··· Records for this exercise ···

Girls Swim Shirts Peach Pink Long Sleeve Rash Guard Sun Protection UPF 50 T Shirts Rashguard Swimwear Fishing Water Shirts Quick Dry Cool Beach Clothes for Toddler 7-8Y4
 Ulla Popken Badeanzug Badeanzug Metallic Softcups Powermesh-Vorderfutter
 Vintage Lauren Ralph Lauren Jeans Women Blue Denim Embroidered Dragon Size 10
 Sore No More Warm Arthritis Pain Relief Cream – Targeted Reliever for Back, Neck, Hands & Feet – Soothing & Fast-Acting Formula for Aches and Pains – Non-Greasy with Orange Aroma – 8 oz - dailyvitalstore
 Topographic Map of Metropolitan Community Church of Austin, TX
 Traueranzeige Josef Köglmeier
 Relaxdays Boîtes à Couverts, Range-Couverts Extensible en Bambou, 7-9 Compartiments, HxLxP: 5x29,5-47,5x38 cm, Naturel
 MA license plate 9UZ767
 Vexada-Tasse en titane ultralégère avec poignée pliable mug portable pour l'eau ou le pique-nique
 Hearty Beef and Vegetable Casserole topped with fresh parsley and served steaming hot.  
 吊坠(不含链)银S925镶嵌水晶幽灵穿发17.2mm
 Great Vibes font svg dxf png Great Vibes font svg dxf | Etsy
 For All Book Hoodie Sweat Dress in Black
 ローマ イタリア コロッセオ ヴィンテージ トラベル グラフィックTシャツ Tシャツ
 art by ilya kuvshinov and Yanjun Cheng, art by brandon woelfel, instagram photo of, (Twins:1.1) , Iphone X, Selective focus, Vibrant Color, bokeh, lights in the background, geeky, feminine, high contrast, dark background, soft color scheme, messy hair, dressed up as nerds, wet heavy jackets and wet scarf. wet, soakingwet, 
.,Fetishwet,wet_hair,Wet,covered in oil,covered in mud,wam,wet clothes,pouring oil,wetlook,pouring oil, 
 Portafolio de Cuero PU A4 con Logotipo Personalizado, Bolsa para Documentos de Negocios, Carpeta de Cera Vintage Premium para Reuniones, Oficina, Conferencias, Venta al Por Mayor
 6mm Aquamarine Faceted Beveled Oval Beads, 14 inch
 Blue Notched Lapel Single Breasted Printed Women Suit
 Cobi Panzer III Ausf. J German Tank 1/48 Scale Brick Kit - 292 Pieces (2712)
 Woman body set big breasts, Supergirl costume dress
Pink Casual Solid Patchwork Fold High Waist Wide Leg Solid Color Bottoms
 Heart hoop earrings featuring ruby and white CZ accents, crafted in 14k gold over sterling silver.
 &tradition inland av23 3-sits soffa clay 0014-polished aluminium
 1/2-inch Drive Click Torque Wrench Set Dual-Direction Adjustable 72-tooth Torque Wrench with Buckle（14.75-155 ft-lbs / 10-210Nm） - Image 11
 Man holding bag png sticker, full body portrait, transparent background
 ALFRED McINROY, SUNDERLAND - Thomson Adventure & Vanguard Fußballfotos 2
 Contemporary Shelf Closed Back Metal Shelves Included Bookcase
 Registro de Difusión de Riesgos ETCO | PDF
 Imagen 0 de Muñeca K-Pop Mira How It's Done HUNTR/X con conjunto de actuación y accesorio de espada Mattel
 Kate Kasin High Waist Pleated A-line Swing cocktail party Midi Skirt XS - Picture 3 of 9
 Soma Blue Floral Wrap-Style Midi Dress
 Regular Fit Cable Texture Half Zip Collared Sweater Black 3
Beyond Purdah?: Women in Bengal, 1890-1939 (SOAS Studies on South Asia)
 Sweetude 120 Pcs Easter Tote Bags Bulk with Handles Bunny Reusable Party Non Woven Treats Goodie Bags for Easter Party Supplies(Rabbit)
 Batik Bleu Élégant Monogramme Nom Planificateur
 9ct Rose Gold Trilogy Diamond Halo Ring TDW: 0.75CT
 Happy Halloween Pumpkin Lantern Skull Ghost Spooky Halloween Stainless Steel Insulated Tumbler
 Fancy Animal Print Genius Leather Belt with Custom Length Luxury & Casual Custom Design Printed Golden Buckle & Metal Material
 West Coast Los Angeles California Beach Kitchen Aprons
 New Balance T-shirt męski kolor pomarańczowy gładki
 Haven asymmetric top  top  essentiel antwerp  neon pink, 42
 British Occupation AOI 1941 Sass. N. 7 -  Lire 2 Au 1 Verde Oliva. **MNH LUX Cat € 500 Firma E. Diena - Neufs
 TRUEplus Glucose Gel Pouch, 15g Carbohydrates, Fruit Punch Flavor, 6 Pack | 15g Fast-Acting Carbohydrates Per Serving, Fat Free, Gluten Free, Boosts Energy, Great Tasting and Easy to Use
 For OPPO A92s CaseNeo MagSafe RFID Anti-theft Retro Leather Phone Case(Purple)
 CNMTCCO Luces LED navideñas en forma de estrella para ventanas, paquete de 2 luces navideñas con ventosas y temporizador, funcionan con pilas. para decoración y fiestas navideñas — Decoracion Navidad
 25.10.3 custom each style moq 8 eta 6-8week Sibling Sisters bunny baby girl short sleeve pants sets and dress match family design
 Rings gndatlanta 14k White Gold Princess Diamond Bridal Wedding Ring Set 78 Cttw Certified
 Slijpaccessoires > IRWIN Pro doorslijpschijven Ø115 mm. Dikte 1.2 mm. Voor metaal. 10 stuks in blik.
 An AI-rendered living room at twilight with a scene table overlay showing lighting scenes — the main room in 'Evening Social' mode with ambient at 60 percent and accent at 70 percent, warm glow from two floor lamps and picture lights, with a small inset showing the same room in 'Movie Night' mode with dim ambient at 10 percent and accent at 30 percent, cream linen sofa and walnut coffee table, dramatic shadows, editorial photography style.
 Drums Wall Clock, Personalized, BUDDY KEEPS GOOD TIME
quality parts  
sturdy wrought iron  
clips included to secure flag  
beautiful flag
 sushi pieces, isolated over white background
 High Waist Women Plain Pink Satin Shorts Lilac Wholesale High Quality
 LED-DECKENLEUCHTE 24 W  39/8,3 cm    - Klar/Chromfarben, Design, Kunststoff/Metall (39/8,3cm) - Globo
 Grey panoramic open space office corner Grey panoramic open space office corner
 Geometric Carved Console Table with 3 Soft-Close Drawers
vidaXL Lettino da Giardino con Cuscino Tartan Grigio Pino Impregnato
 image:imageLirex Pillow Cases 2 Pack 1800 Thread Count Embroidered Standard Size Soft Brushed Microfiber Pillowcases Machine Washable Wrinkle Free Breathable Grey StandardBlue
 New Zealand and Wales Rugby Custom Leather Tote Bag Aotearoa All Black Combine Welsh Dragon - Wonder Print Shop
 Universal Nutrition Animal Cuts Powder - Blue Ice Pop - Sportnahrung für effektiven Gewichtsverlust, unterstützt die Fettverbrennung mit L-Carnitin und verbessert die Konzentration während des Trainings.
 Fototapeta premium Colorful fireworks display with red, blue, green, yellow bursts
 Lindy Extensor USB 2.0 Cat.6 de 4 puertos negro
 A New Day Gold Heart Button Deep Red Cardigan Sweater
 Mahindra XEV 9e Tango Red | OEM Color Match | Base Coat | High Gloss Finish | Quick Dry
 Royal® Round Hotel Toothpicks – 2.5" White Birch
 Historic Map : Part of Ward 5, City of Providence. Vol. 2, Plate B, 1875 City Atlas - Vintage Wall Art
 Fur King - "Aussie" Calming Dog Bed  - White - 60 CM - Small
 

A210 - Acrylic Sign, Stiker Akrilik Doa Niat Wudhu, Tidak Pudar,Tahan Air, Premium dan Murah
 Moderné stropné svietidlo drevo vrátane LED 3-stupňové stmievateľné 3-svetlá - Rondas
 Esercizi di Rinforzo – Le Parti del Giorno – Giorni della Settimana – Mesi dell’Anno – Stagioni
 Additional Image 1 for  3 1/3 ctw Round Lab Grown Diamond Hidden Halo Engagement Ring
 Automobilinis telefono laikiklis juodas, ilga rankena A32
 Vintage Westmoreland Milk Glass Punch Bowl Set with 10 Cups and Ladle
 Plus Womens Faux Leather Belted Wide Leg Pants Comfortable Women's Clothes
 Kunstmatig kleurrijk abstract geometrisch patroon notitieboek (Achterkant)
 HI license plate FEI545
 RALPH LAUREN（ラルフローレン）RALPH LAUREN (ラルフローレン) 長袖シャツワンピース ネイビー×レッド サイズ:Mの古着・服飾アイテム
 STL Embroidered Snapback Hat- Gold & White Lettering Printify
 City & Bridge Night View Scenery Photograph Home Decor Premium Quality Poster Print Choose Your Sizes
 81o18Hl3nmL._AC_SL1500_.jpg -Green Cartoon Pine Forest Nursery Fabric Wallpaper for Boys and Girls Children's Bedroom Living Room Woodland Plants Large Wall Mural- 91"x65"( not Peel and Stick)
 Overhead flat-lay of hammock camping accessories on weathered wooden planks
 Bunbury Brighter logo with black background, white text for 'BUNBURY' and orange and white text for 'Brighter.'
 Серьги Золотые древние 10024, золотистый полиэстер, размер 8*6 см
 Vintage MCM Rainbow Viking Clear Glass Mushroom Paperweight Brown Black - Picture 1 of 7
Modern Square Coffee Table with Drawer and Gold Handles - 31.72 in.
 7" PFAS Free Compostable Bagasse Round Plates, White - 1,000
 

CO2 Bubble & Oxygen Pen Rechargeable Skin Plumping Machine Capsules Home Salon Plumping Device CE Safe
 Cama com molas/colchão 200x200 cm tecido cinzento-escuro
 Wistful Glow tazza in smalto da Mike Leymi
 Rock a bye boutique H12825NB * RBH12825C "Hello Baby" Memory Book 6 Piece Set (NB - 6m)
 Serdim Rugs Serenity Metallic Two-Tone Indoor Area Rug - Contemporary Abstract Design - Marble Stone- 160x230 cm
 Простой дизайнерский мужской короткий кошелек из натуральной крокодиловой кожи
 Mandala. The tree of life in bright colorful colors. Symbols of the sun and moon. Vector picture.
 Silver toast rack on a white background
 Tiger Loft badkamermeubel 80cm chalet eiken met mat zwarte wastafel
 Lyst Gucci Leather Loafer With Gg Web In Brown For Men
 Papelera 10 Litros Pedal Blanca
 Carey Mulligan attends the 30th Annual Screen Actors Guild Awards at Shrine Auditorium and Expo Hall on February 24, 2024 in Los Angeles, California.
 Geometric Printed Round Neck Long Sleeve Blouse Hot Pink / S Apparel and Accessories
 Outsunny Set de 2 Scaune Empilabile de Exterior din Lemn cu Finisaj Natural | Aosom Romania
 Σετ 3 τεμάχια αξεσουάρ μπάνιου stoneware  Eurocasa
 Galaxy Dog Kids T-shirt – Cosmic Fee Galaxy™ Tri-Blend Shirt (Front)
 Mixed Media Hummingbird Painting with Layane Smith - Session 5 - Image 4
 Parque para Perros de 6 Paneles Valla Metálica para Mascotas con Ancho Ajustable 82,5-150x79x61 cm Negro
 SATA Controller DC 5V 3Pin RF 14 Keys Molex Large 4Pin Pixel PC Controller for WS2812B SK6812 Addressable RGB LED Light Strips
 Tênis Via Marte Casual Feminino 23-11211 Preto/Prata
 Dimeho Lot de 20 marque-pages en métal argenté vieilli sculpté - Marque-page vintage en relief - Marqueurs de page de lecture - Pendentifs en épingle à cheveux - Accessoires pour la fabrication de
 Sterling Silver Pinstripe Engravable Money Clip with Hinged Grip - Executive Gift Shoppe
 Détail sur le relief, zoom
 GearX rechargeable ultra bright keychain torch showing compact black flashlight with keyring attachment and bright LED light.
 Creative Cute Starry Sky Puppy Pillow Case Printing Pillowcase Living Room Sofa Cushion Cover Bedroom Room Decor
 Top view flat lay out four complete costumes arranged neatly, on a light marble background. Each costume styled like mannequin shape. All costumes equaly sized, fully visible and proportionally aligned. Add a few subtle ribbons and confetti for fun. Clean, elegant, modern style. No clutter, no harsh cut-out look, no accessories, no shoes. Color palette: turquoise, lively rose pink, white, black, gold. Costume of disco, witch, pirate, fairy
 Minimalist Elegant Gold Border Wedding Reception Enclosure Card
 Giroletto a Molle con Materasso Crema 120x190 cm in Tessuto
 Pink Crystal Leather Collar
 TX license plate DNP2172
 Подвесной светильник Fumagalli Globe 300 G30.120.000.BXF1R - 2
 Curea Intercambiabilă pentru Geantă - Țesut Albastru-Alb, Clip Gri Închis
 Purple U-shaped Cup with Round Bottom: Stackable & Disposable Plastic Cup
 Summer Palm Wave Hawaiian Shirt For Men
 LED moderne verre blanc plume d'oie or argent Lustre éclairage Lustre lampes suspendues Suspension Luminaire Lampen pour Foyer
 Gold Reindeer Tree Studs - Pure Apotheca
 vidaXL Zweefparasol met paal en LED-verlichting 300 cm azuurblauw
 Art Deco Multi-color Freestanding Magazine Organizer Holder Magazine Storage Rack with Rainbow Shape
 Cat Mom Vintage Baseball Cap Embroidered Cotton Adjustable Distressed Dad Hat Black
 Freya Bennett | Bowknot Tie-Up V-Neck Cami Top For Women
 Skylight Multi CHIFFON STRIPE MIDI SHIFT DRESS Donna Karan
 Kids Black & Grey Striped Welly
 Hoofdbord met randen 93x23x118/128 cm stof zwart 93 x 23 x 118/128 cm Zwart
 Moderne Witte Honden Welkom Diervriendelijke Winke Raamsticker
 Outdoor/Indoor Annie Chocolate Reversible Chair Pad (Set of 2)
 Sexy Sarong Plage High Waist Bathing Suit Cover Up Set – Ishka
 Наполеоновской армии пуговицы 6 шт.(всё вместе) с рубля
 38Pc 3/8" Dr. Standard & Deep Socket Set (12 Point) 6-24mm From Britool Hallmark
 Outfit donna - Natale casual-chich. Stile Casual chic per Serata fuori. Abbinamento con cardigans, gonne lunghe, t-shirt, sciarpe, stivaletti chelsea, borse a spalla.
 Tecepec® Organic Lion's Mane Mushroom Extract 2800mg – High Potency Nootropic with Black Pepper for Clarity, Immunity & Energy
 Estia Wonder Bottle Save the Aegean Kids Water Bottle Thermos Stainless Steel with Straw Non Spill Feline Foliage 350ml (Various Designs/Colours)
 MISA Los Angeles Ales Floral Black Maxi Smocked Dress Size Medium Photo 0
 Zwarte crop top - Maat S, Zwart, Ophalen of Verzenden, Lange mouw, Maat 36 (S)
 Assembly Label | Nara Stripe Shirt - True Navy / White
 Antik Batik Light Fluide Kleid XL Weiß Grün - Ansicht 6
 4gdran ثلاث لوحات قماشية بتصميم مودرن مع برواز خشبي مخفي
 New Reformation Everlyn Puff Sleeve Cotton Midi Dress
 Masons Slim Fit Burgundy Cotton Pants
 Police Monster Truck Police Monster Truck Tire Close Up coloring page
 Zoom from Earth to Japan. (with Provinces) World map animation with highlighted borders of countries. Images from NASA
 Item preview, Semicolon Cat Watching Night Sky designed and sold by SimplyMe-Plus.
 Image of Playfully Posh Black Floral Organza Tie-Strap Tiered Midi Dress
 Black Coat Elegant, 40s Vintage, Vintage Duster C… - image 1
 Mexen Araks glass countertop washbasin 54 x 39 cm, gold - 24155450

···

• [Task] Please transcribe exactly the lines above from the line that has "Registro de Difusión de Riesgos ETCO | PDF" up to and including the line that has "Beyond Purdah?: Women"; no other line belongs in the answer.

• [Written answer]
 Registro de Difusión de Riesgos ETCO | PDF
 Imagen 0 de Muñeca K-Pop Mira How It's Done HUNTR/X con conjunto de actuación y accesorio de espada Mattel
 Kate Kasin High Waist Pleated A-line Swing cocktail party Midi Skirt XS - Picture 3 of 9
 Soma Blue Floral Wrap-Style Midi Dress
 Regular Fit Cable Texture Half Zip Collared Sweater Black 3
Beyond Purdah?: Women in Bengal, 1890-1939 (SOAS Studies on South Asia)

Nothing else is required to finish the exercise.